1 - I sat down with a mid-level manager asking about a debit card in my wife's name for one of my accounts. The manager pulled up my account and says "I see you were in Wilmington last week. My family is from there." And we chatted about Wilmington for a bit.

2 - I walked up to the teller desk and said "Please move $500 from account A to account B." I filled out no forms, showed no id, didn't even know the account numbers. The teller said "No problem Mr. Hancock, have a nice day."

3 - I needed to change my phone number linked to all my accounts. I walked into the teller and told her I have 5 accounts and wanted to change the phone number on all of them but didn't have my account numbers at hand. She handed me a post-it note and asked me to write down the new phone number: "No problem Mr. Hancock, we'll see it gets done."

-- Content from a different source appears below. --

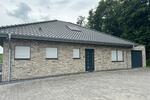 Einfamilienhaus Bungalow KFW45 mit 3 Garagen und Carport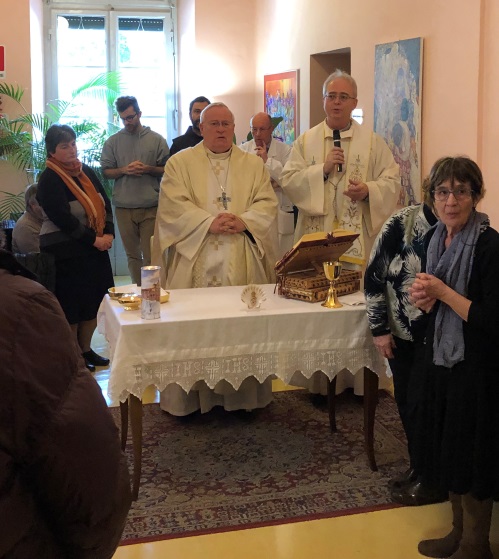 Perugia: Il cardinale Gualtiero Bassetti in visita al Centro residenziale di cure palliative “Hospice” dell’Usl 1 Umbria. Il porporato: «Una società che pretendesse di guardare al futuro senza sguardo materno sarebbe miope e basata solo su guadagno, interessi ed egoismi»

The approach this bank takes is oriented around trust and liability, not IT security. Some may be upset that a bank manager would/could scan my transactions and openly acknowledge they see where I was last week. But I see this as openness in acknowledging that they can see the data. All banks can see this data and many credit data warehouses have this data. My bank simply doesn't pretend they can't see it.

In response to your post, jacquesm, I completely agree with your point of view from an IT perspective. However, I do not expect a bank, large or small, to get things perfect internally. So I choose to do business with one I trust to uphold their end of liability. I take this approach with most business partners, as I'm sure many do. When I buy a $50 item on ebay, I expect less of the supplier and pay accordingly.



Yes, but that works at your branch.

If you were to walk in to say the New York city branch of a major bank that you have an account with in the countryside then you'd be looking at a completely different situation.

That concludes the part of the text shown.